╭──

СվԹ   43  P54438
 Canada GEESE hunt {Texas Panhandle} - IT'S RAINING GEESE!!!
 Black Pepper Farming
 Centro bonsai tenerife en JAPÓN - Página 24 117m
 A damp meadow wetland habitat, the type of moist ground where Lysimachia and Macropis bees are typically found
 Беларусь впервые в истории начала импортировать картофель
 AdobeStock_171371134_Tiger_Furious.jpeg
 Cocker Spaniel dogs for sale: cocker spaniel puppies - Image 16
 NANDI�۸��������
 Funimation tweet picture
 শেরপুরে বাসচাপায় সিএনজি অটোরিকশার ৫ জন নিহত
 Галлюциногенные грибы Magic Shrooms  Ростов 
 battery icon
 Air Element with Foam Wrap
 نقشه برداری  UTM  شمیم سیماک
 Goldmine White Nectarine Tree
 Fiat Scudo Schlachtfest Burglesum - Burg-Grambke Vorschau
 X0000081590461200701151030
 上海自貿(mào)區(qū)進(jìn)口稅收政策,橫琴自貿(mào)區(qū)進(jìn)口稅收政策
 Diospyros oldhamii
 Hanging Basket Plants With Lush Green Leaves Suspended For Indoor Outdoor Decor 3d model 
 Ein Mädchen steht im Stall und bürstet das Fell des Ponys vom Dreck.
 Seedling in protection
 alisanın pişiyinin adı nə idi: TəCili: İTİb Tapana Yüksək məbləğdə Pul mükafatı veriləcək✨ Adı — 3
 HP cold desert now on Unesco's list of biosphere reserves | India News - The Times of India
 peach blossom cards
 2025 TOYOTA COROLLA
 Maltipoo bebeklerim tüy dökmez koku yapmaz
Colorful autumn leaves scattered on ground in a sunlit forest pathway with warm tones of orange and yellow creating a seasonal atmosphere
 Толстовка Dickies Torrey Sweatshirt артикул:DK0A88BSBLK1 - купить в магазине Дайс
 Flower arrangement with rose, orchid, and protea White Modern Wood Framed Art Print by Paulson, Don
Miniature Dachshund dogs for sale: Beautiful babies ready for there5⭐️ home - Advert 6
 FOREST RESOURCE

╰──

* Problem to work on *
Would you output the material above once more, exactly as given?

* Result of this task *
СվԹ   43  P54438
 Canada GEESE hunt {Texas Panhandle} - IT'S RAINING GEESE!!!
 Black Pepper Farming
 Centro bonsai tenerife en JAPÓN - Página 24 117m
 A damp meadow wetland habitat, the type of moist ground where Lysimachia and Macropis bees are typically found
 Беларусь впервые в истории начала импортировать картофель
 AdobeStock_171371134_Tiger_Furious.jpeg
 Cocker Spaniel dogs for sale: cocker spaniel puppies - Image 16
 NANDI�۸��������
 Funimation tweet picture
 শেরপুরে বাসচাপায় সিএনজি অটোরিকশার ৫ জন নিহত
 Галлюциногенные грибы Magic Shrooms  Ростов 
 battery icon
 Air Element with Foam Wrap
 نقشه برداری  UTM  شمیم سیماک
 Goldmine White Nectarine Tree
 Fiat Scudo Schlachtfest Burglesum - Burg-Grambke Vorschau
 X0000081590461200701151030
 上海自貿(mào)區(qū)進(jìn)口稅收政策,橫琴自貿(mào)區(qū)進(jìn)口稅收政策
 Diospyros oldhamii
 Hanging Basket Plants With Lush Green Leaves Suspended For Indoor Outdoor Decor 3d model 
 Ein Mädchen steht im Stall und bürstet das Fell des Ponys vom Dreck.
 Seedling in protection
 alisanın pişiyinin adı nə idi: TəCili: İTİb Tapana Yüksək məbləğdə Pul mükafatı veriləcək✨ Adı — 3
 HP cold desert now on Unesco's list of biosphere reserves | India News - The Times of India
 peach blossom cards
 2025 TOYOTA COROLLA
 Maltipoo bebeklerim tüy dökmez koku yapmaz
Colorful autumn leaves scattered on ground in a sunlit forest pathway with warm tones of orange and yellow creating a seasonal atmosphere
 Толстовка Dickies Torrey Sweatshirt артикул:DK0A88BSBLK1 - купить в магазине Дайс
 Flower arrangement with rose, orchid, and protea White Modern Wood Framed Art Print by Paulson, Don
Miniature Dachshund dogs for sale: Beautiful babies ready for there5⭐️ home - Advert 6
 FOREST RESOURCE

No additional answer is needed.